Il punto centrale della decisione risiede nel rapporto tra l’attenuante comune del danno di speciale tenuità e l’ipotesi attenuata del reato di ricettazione prevista dall’art. 648, comma 4, del codice penale, che punisce più lievemente i fatti di particolare tenuità. Secondo la Corte, le due norme non possono essere applicate contemporaneamente se la valutazione del danno è già stata utilizzata per qualificare il fatto come di ‘particolare tenuità’.
Le Motivazioni
La Corte ha spiegato in modo chiaro il principio dell’assorbimento. L’attenuante comune del danno patrimoniale di speciale tenuità (art. 62, n. 4 c.p.) è compatibile con la forma attenuata del delitto di ricettazione (art. 648, c. 4 c.p.) solo ed esclusivamente se la valutazione del danno è rimasta estranea al giudizio sulla particolare tenuità del fatto.
Nel caso di specie, invece, il valore esiguo del bene era già stato l’elemento determinante per far rientrare il reato nell’ipotesi più lieve. Di conseguenza, l’attenuante comune risulta ‘assorbita’ in quella speciale. Applicarla nuovamente significherebbe valutare due volte lo stesso elemento (il valore del danno) a favore dell’imputato, violando il principio del ne bis in idem sostanziale.
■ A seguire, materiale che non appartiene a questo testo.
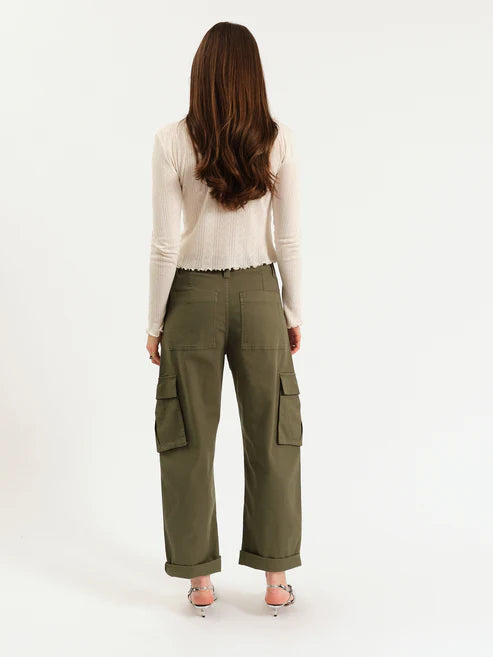 Daze Denim Squad Cargo Pants in Bronze Green Embellished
In sostanza, la legge ha già previsto una pena più mite per la ricettazione di lieve entità, e questa previsione speciale prevale su quella generale. La condanna del ricorrente al pagamento delle spese processuali e di una somma in favore della Cassa delle ammende è stata la logica conseguenza della dichiarata inammissibilità del ricorso.
Le Conclusioni
Questa pronuncia ribadisce un principio fondamentale in materia di circostanze del reato: il criterio di specialità. Quando il legislatore ha previsto una specifica ipotesi attenuata per un reato, basandola su un determinato elemento (come il valore del danno nella ricettazione), l’attenuante comune basata sullo stesso identico elemento non può trovare ulteriore applicazione. La decisione serve da monito sulla necessità di formulare ricorsi basati su argomentazioni solide e conformi alla giurisprudenza consolidata, evitando di incorrere in una declaratoria di inammissibilità con conseguente condanna alle spese.
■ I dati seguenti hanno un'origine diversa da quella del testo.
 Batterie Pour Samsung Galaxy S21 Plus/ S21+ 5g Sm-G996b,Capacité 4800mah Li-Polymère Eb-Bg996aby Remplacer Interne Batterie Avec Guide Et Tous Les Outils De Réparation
È possibile applicare l’attenuante del danno di speciale tenuità al reato di ricettazione?
Sì, ma solo nel caso in cui la valutazione del danno patrimoniale non sia già stata utilizzata per configurare l’ipotesi attenuata del reato di ricettazione per ‘particolare tenuità del fatto’ (art. 648, co. 4 c.p.).
Cosa significa che un’attenuante comune è ‘assorbita’ da una speciale?
Significa che se la legge prevede una circostanza attenuante specifica per un determinato reato (speciale), basata su un certo elemento (es. il valore del danno), l’attenuante generica (comune) basata sullo stesso elemento non può essere applicata, perché il suo valore è già stato considerato dalla norma speciale.
Qual è stata la decisione finale della Corte di Cassazione nel caso specifico e perché?
La Corte ha dichiarato il ricorso inammissibile. La motivazione è che la richiesta di applicare l’attenuante del danno di speciale tenuità era infondata, poiché tale circostanza era già stata ‘assorbita’ dalla norma che prevede una pena più lieve per la ricettazione di particolare tenuità, essendo il giudizio basato sullo stesso elemento del danno patrimoniale.